Recently I came across a call for entries for writers to design their ideal trip to Queensland, Australia. Since we cover sustainability in business here on TriplePundit, I immediately thought of the ecotourism trade in Australia, and wondered how robust it might be in Queensland. Turns out, ecotourism is big business, gauging from the number of ecotourism operators that turned up with a little research. Having never been to Australia, I have no way of knowing if these carbon-neutral travel experience claims are real, but I would love to find out.

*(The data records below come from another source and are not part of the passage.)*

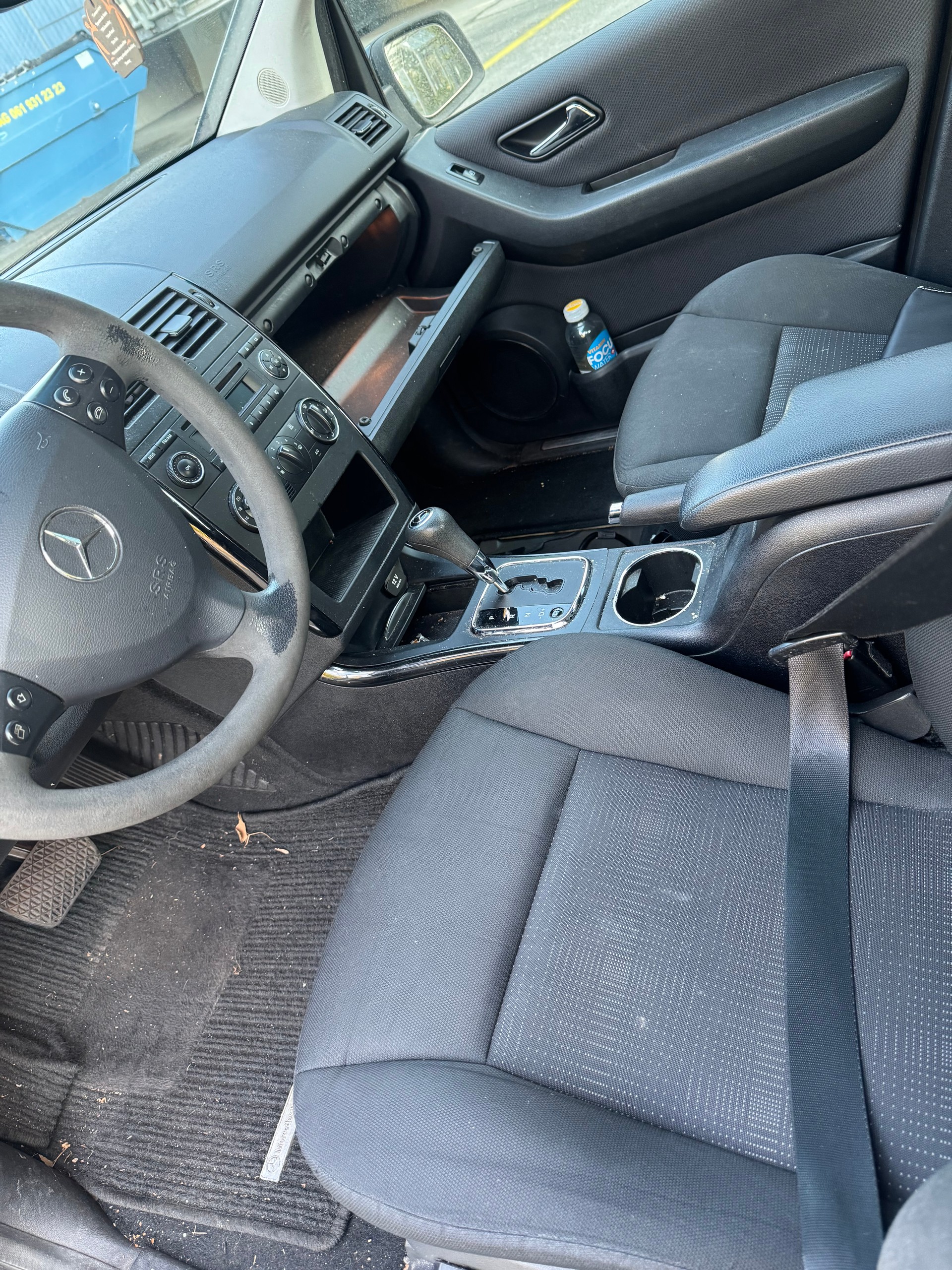 MERCEDES-BENZ A 160 CDI my first star Autotronic-image-4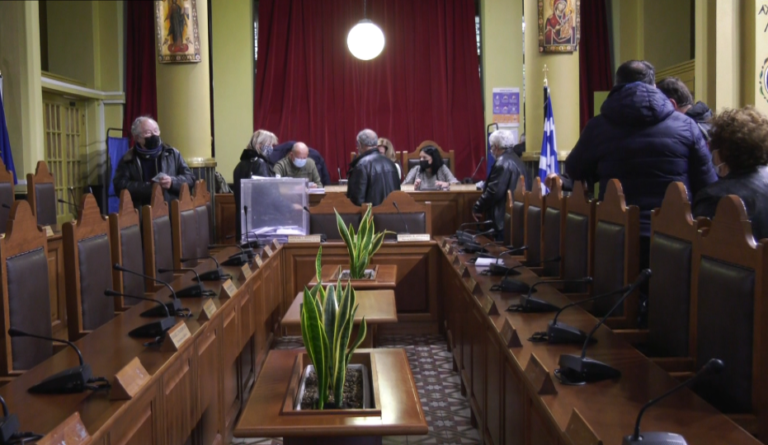Λέσβος: Μεγάλη συμμετοχή στις εκλογές για αρχηγό του ΚΙΝΑΛ (video)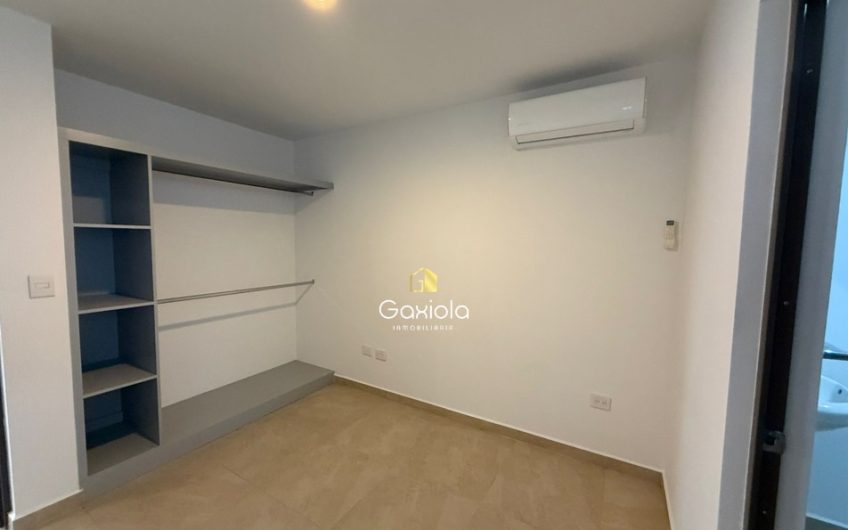 Se RENTA casa en privada Britania con acceso controlado y área común con alberca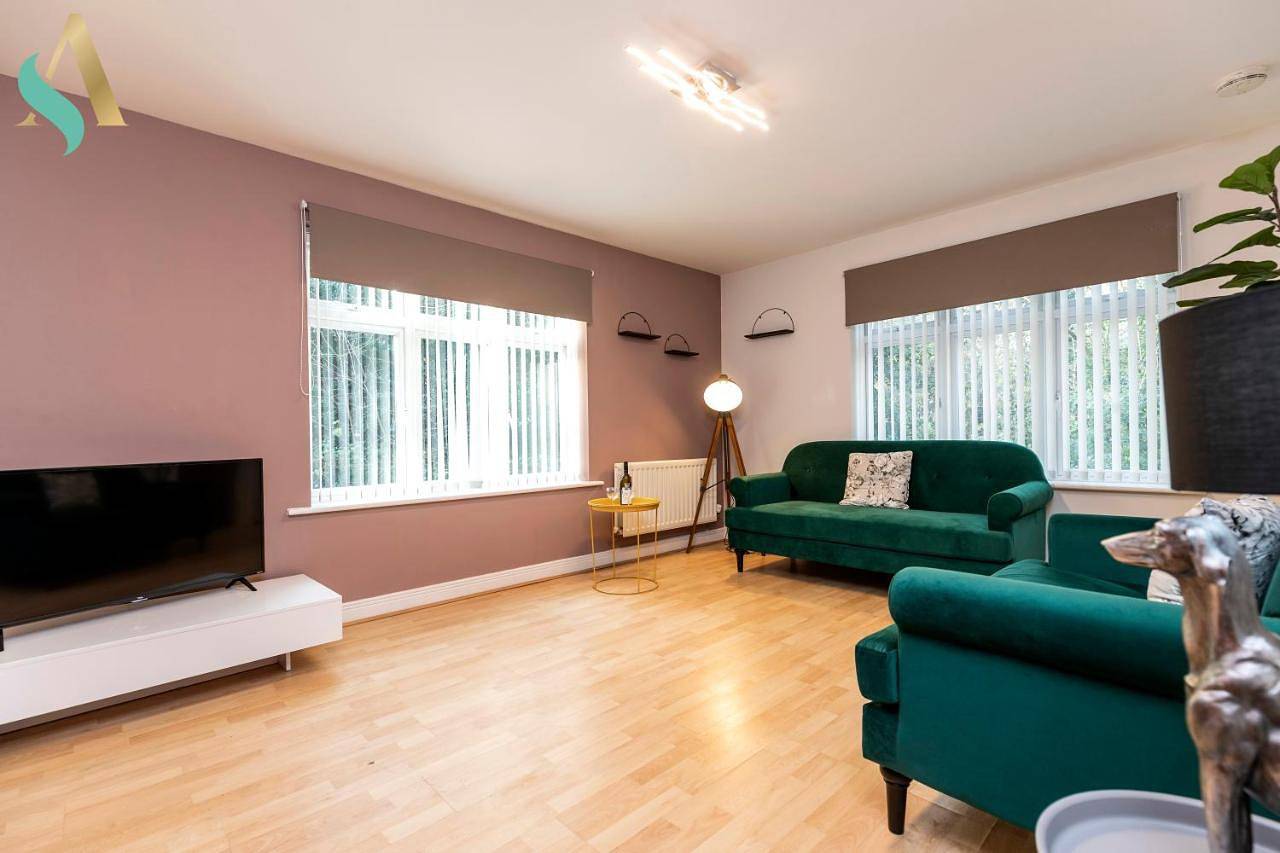 Entire apartment, Three-Bedroom Apartment in Middlesbrough, North East England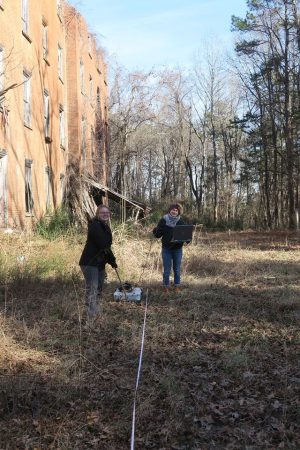 Allison Brooks '18 and Jessy Spencer '18 use the GPR device at the old site of Randolph-Macon College.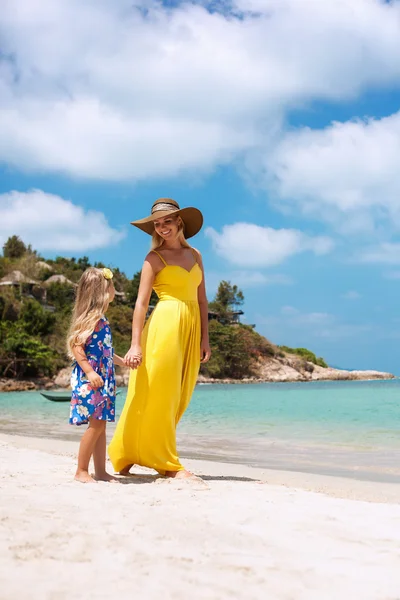 Little girl and her mother — Stock Photo, Image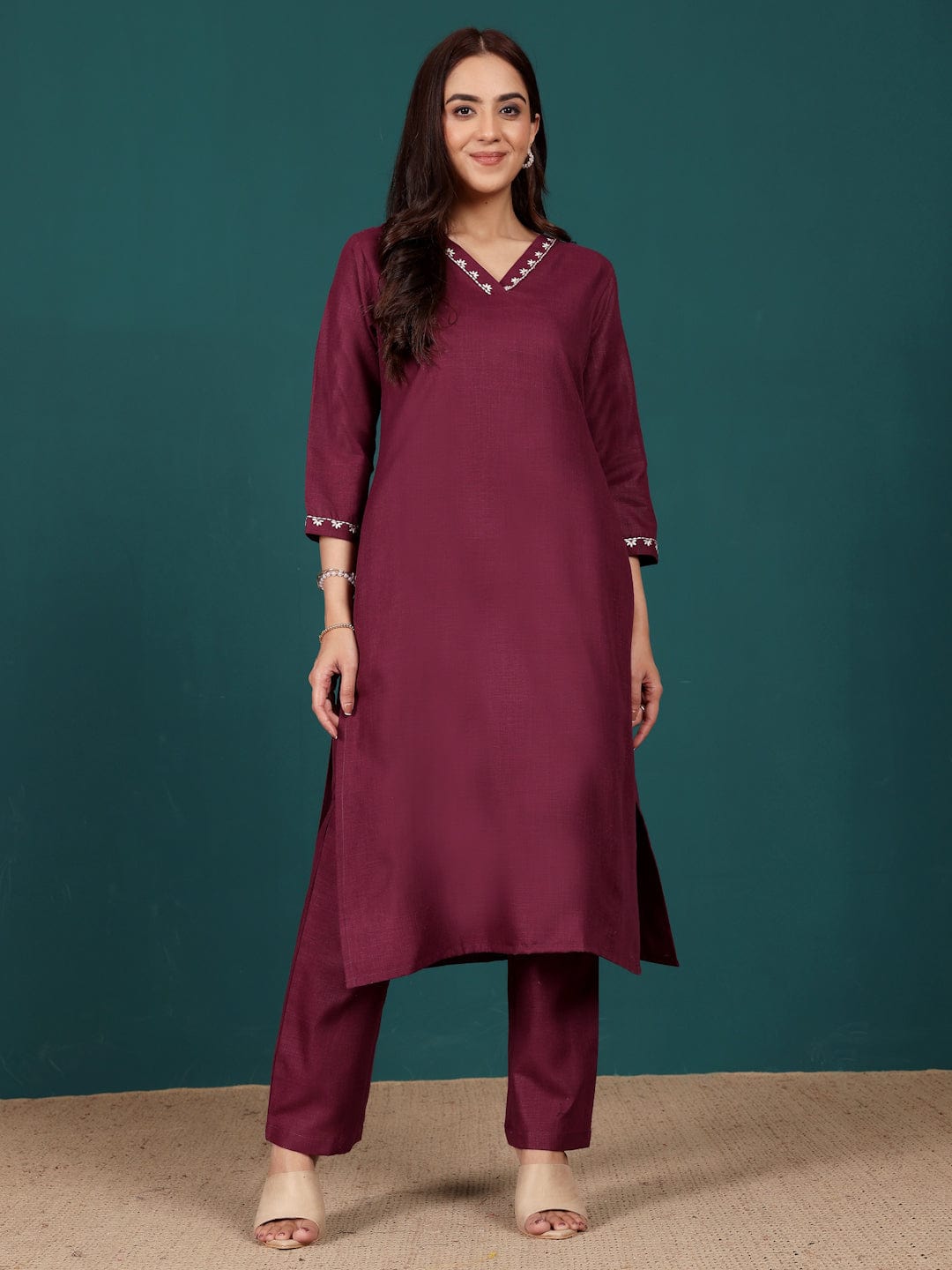 The Kurti Collection Women Kantha And Floral Embroiderd Kurta With Trouser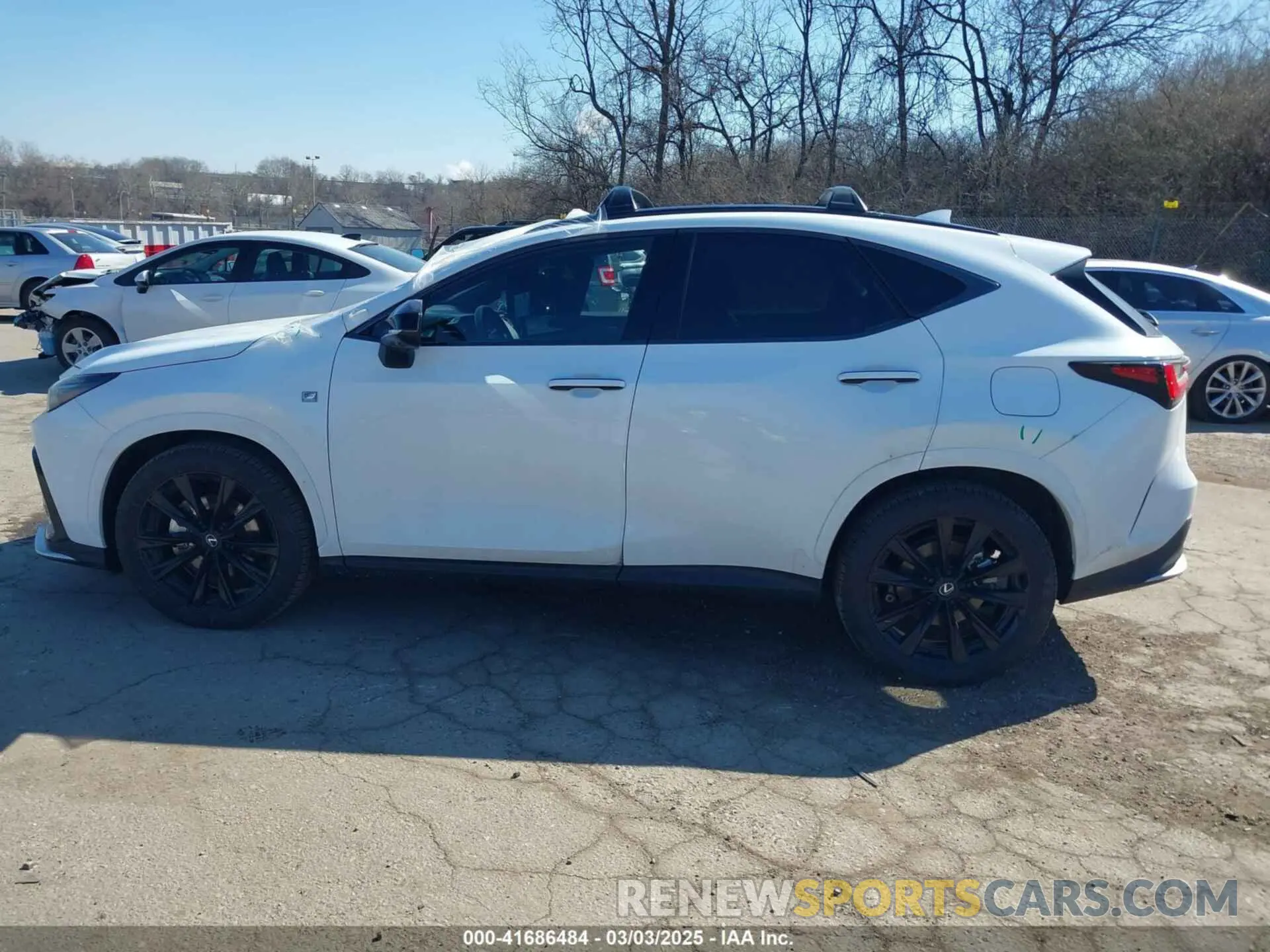 15 fotografías del automóvil dañado JTJKKCFZ7R2038592 LEXUS NX 450H+ 2024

Five days of eco-exploration
Being from the Great Lakes region, water ecosystems and their conservation are really interesting to me, so exploring the Great Barrier Reef is number one on my list. Spending summers on Lake Superior, we grew up paddling our canoes and sailing our small sailboats around the bay. Several low carbon tourism-certified sailing charters, like Passions of Paradise and Sailaway offer day cruises and True Blue Sailing Whitsundays offers an amazing-sounding 2-day, 2-night tour around the islands (Atlantic Clipper) and Australian Tall Ships offers 3- to 6-day voyages. Under my own steam, I would like to take a kayak tour and learn more about the area in the water and on land. I can’t think of a better way to see the water wildlife than by silently gliding through the waves or snorkeling below the surface.
I also found Pumpkin Island – a private paradise with five cottages, powered by wind and sun. How do they do that and what inspired this idea? It looks like the pristine, clean energy-powered island is so popular it’s booked through September 2015!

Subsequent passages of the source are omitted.